Tabi bu mevzuyu, çatırdamayı, işi sadece “her Türk asker doğar” sloganı atmaktan öteye geçmeyenler anlayamaz, anlamak gibi dertleri de yok zaten!
Düşünsenize, Erzurum’da buğdayın tonunu 2 bin 100 liraya satan çiftçi, bir ay sonra un yapmak için buğday almaya gittiğinde 4 bin 500 TL’ye alıyor.
Geçen hafta, Gıda, Tarım ve Hayvancılık eski Bakanı Faruk Çelik çiftçinin, hayvancılık yapanların isyanını, feryadını duymayan Tarım ve Orman Bakanı Bekir Pakdemirli’yi isim vermeden eleştirerek, “Süt olmazsa et olmaz. Süt üreticimizi destekleyelim süt hayvanları kesilmesin. Bereketli hasat için gübre konusunda da çiftçimize destek olalım” çıkışı yapmıştı.
Hakikaten,
Çiftçinin, hayvancının yok olduğu, kaybolduğu bir Türkiye ile karşı karşıyayız.
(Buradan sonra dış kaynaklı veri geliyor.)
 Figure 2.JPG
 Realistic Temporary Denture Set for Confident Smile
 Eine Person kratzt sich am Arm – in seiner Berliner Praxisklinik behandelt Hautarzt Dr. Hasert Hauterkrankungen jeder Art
Bir yanda üretim yapanların mağduriyetinin çığlıkları, diğer yanda ise 20 yıldır devleti yöneten iktidarın mağduriyet algıları!
Çiftçiye 1,50 mazot desteği verdiklerini anlata anlata bitiremeyen Bakan Pakdemirli’ye, kendisini bulutların üzerinde gezdiren danışmanları ve ceket iliklemekten başka bir işe yaramayan partisinin vekilleri, bu ülkede mazota 11 ayda 3,45 lira zam geldiğini hatırlatamıyor!
Evet, ağlanacak halimize gülüyor, geyik muhabbetleri yapıyoruz!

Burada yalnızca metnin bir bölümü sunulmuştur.